Com o passar dos anos e um estudo mais aprofundado no cenário de ventures, suas necessidades, lacunas e objetivos, ficou evidente que precisávamos direcionar nossos esforços. Entendemos que não dava para ser tudo ao mesmo tempo—ou éramos uma aceleradora, ou nos tornávamos Venture Builders. Escolhemos a segunda opção. Foi um divisor de águas.
Outro aprendizado foi entender que venture building exige paciência. O ciclo de retorno é diferente do de uma consultoria ou serviço tradicional. O valor real aparece no longo prazo, conforme as startups crescem e chegam ao exit.
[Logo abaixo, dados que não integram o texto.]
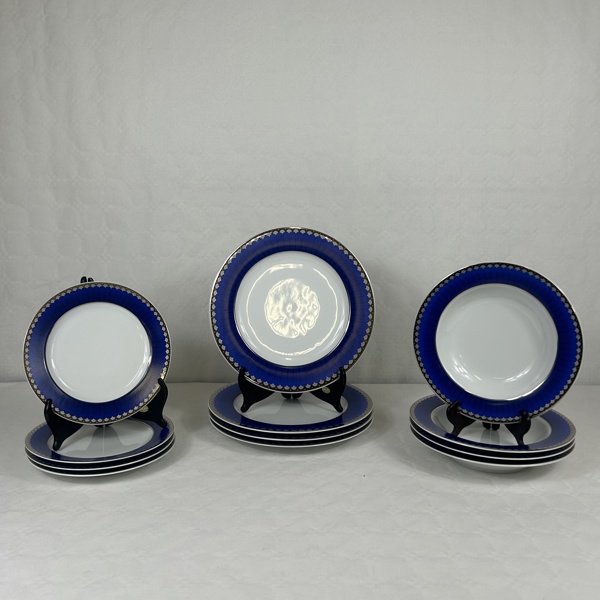 Sigvard Bernadotte. Tallrikar/assietter, 12 delar, "Marianne", Christineholm, Fyrklövern.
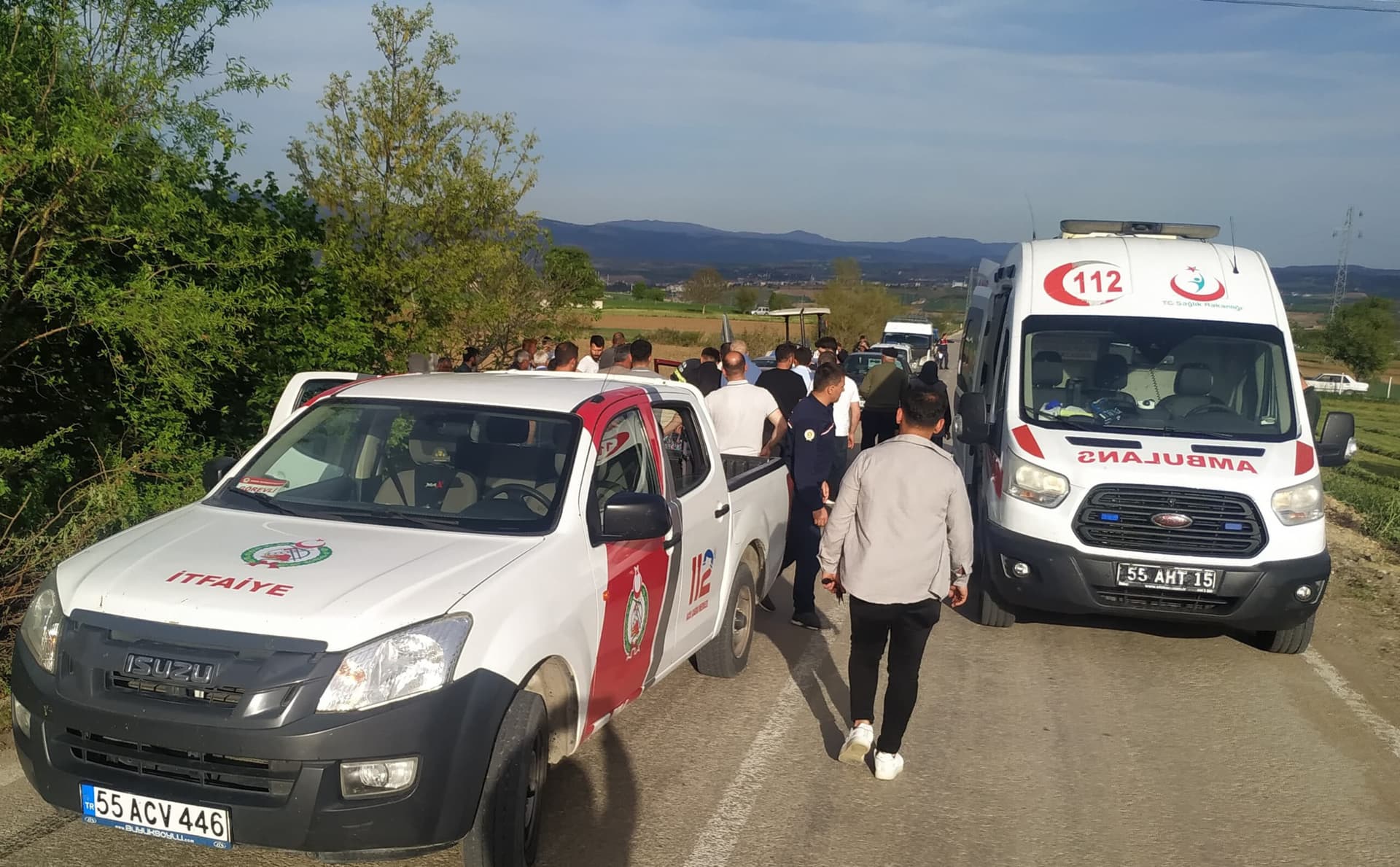 Samsun'da iki otomobil çarpıştı, 8 kişi yaralandı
Mas os primeiros sinais já mostram que a aposta foi acertada: no último ano, o CESAR Ventures gerou cerca de 3% da receita do CESAR, porém foi responsável por 19% do superávit da organização.
Um dos nossos maiores resultados se deu com o exit da Tallos, startup que impulsionamos, que ao ser comprada pela TOTVS, gerou um múltiplo de capital investido (MOIC) de 93x para o CESAR.
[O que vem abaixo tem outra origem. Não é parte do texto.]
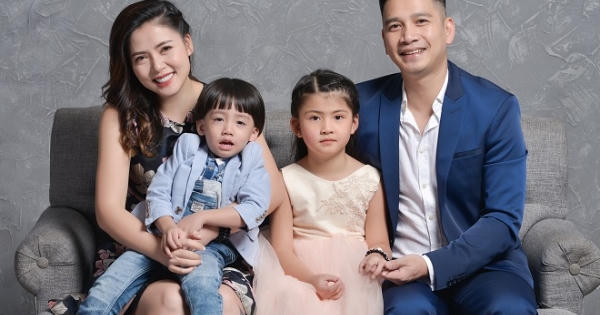 Ngọc Hiền viên mãn bên chồng và hai con Ngọc Hiền viên mãn bên chồng và hai con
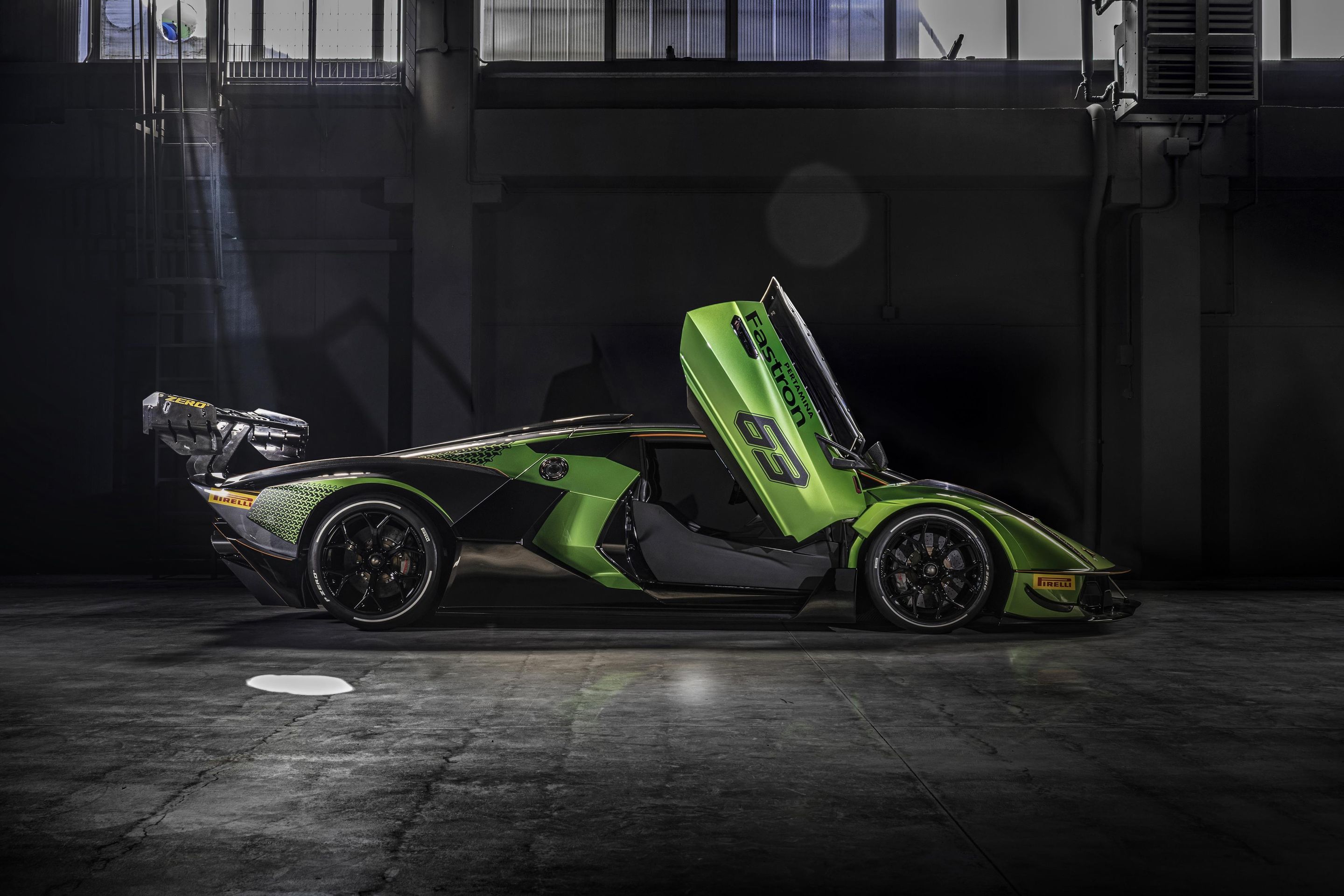 Lamborghini Essenza SCV12 - 21 - Fotogalerie: Exkluzivní hračka pro milionáře Lamborghini Essenza SCV12 (4/17)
Se projetarmos o CESAR Ventures cinco anos à frente, a visão é clara: um portfólio robusto de startups, exits acontecendo regularmente, e um modelo cada vez mais refinado de criação de negócios de base tecnológica.
Nosso papel não é apenas melhorar processos existentes, mas criar empresas que desafiem o status quo
Porém o mais importante é o impacto que queremos gerar. Nosso papel não é apenas melhorar processos existentes, mas criar empresas que desafiem o status quo. Queremos atuar dentro do que McKinsey define como horizontes de inovação: navegar no chamado horizonte 3, aquele espaço onde surgem negócios que realmente causam ruptura. Mas, ao mesmo tempo, equilibramos isso com projetos de horizonte 2, que promovem inovação incremental e garantem um crescimento sustentável. É esse equilíbrio que torna um centro de inovação como o CESAR relevante no longo prazo.
Startups são o motor da inovação. Se uma economia sem novas empresas está fadada à estagnação, um ecossistema de inovação sem venture building perde a chance de gerar mudanças profundas. E é exatamente esse espaço que queremos ocupar. A jornada é incerta, mas os resultados compensam. E nós estamos apenas começando.